• _Problem to work on_: Would you please repeat, word for word, only the lines from the one holding "SchiumaM's tweet photo." through the one holding "ついでにG·schiuma5" in the material below, without the pictures?
======== Given information
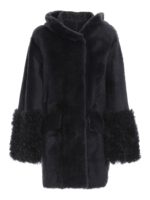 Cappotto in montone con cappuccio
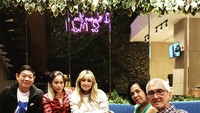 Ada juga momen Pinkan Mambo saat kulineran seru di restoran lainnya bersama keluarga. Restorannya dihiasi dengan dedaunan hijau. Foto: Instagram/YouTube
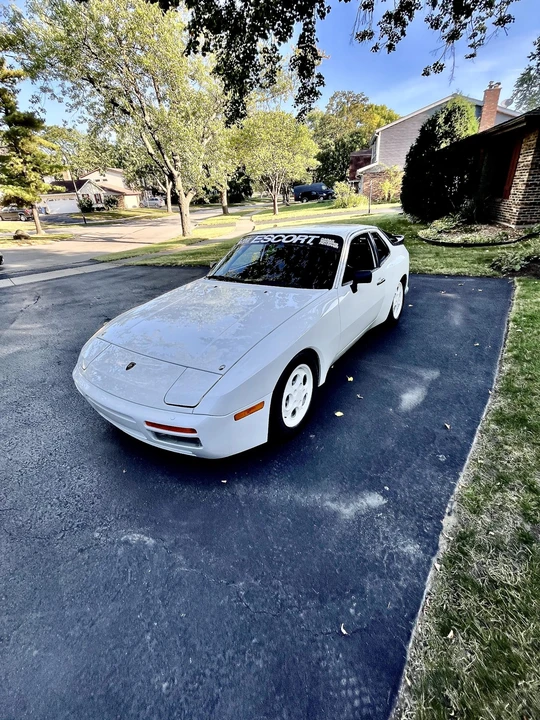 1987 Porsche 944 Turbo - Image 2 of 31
================
======== Given information
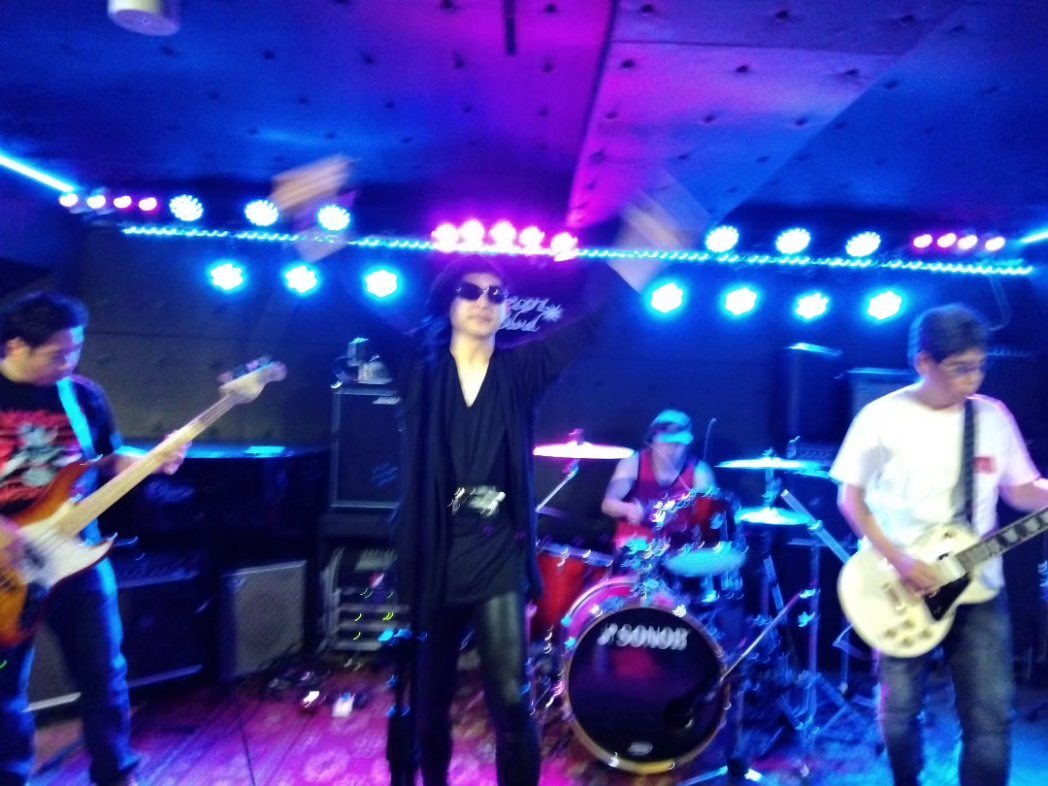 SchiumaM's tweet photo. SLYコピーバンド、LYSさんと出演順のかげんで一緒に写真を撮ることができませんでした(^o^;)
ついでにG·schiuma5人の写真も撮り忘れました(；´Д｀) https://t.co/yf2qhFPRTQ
================
• _Result for this exercise_:
 SchiumaM's tweet photo. SLYコピーバンド、LYSさんと出演順のかげんで一緒に写真を撮ることができませんでした(^o^;)
ついでにG·schiuma5人の写真も撮り忘れました(；´Д｀) https://t.co/yf2qhFPRTQ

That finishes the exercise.